Em todos esses discursos atuam sempre, de modo muito pessoal e subjetivo, os sentidos; os nossos sentidos. Em se tratando dos sentidos (e nem é preciso ler o Discurso do método de Descartes para ser ter ciência disso), eles não são as “coisas” mais confiáveis para se tratar sobre profundidades ontológicas, de coisas como estas: relacionadas aos temas do amor e da fé; mas, e como aqui fazemos convergir, valem para as coisas referentes à Vontade. Da fé, paradoxalmente, essa é a única linguagem possível, a do amor sublimado: teologia = teopoesia. À filosofia, no entanto, do Amor/Desejo/Vontade se pode cogitar outros discursos, e sem a necessidade de fé, fé nenhuma, só a análise bio-psico-antropológica do fenômeno (Phänomen), que nos remete à “coisa-em-si” mesma, ou ao pensar sobre ela – mas sem qualquer ligação com “entidades metafísicas”. “Fenômeno se chama representação, e nada mais”; é como Schopenhauer define o conceito em Die Welt als Wille und Vorstellung, de 1818. E diz ainda: “Toda representação, não importa seu tipo, todo Objeto, é Fenômeno. Coisa-em-si, entretanto, é apenas a Vontade: como tal não é absolutamente representação, mas toto genere diferente desta. É a partir daquela que se tem todo objeto, o fenômeno, a visibilidade, a Objetividade; ela é o mais íntimo, o núcleo de cada particular, bem como do todo, a aparecer em cada força da natureza que faz efeito cegamente [como o sentimento amoroso, por exemplo], e também na ação ponderada do ser humano [guiadas pela razão instrumental]: se ambas diferem, isso concerne tão-somente ao grau de aparição, não à essência do que aparece.”

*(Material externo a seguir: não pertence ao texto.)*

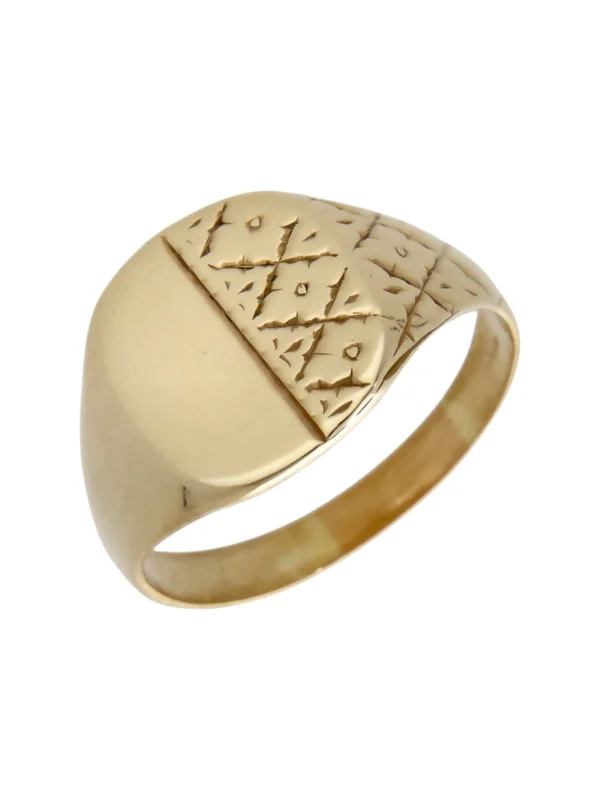 William May 9ct Yellow Gold Part Patterned Signet Ring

Essa “força da natureza que faz efeito cegamente”, que é o mundo como Vontade, é também o que aparece por trás da potência sentimental, do ato erótico que apela, convida, se insinua, quer a vida perpetuada: Amor (Paixão) Desejo [Eu] Vontade. Do mesmo modo, ainda em relação a essa “força da natureza que faz efeito cegamente”, pode-se falar, na linguagem freudiana, da Pulsão sexual[amorosa] (Sexualtrieb), e, também por ela, da Pulsão de autopreservação (Selbsterhaltungstrieb). “Assim”, diz Schopenhauer (também em Die Welt...), “visa o gênio da espécie em todas as pessoas prolíficas a geração futura. Eis a grande obra de Cupido, incessantemente pensando e agindo no interesse dos [de gerar] filhos. Comparados com a importância desta grande tarefa, que visa a espécie e todas as gerações futuras, os interesses dos indivíduos, no seu conjunto efêmero, pouco importam”. Como a fé, para Freud, o Amor pode ser, para o sentido romântico, um “sentimento oceânico”, coisa abissal. Por tal equação: do mesmo modo que a fé pode ser um certo sentimento de inferioridade (Minderwertigkeitsgefühl) do indivíduo diante do mundo, do grande enigma do mundo fenomênico, também o Amor ideal, sublimado, ou o amor romântico. Amor, porém, diferentemente da fé – volto a dizer, pode ser tratado sem as liturgias, sem as dogmáticas, sem os credos ou as confissões, sem qualquer certeza que não a incerta certeza da Vida, da vida-aí, dada enquanto Phänomen, enquanto aparência (Vorstellung)... véu de Maia.

É essa ilusão da concretude das coisas (como a certeza da fé ou a crença nos sentidos) que faz permanecer o jocoso jogo da vida. Ela, disfarçando-se de misteriosa profundidade, quer apenas, ela mesma, manter-se. Ah!, o amor, no final das contas, é uma máscara que a vida usa; uma marionete das suas estripulias para ser, e continuar sendo: Wille, Trieb. Todos os que amam, por fim, são (ou estão) iludidos pela vida; e acreditam tolamente que vivem se tiverem o que amar - como dizia Henry de Montherlant, na sua equivocada definição de morte: “Morremos quando nãomais ninguém por quem queiramos viver”. Mas, desiludido, eu digo: “Não há ninguém, além de nós mesmos, por quem queiramos realmente viver ou morrer”. Mas a relação não se acaba aí, somente se abre, pede divórcio da fé.